Cotiser pour manger, sur le modèle de l’AVS
Un comité souhaite mettre en place une nouvelle assurance sociale. Le principe: verser une contribution en fonction de ses moyens et recevoir chaque mois une somme dédiée aux courses. Une initiative qui s’inspire de nos voisins français
Après l’AVS et l’AI, verra-t-on un jour l’avènement d’une ASA, pour «assurance sociale alimentaire»? C’est en tout cas l’espoir du réseau pour l’ASA, qui a officialisé sa création le 22 janvier à Muttenz (BL). Dans les locaux de la Haute Ecole spécialisée du nord-ouest de la Suisse, une assemblée, réunissant une cinquantaine de Romands, Alémaniques et Français, a planché sur la création d’une nouvelle branche nationale des assurances sociales, version courses.

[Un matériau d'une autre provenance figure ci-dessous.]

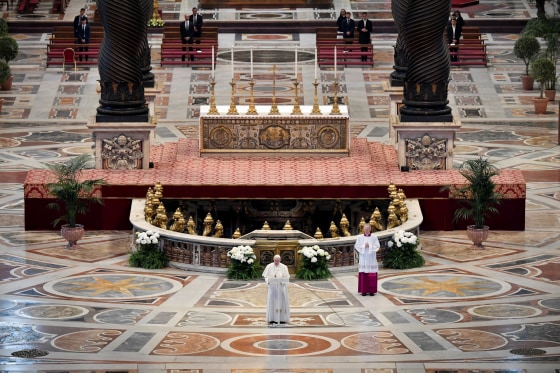 Image: Pope Francis reads his Easter message during mass at St. Peter's Basilica on April 12, 2020.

Au coeur du projet, on trouve l’organisation paysanne Uniterre, la Fondation de la promotion du goût, le Mouvement pour une agriculture paysanne et citoyenne (MAPC), ou encore le site d’information Agrarinfo. Cela fait un peu plus d’un an qu’ils travaillent à bas bruit sur le principe d’une ASA qui reprendrait le modèle de l’AVS. Chaque personne percevant un salaire cotise chaque mois pour la caisse, et toute personne résidant en Suisse reçoit une somme fixe, utilisable pour ses courses dans des magasins choisis.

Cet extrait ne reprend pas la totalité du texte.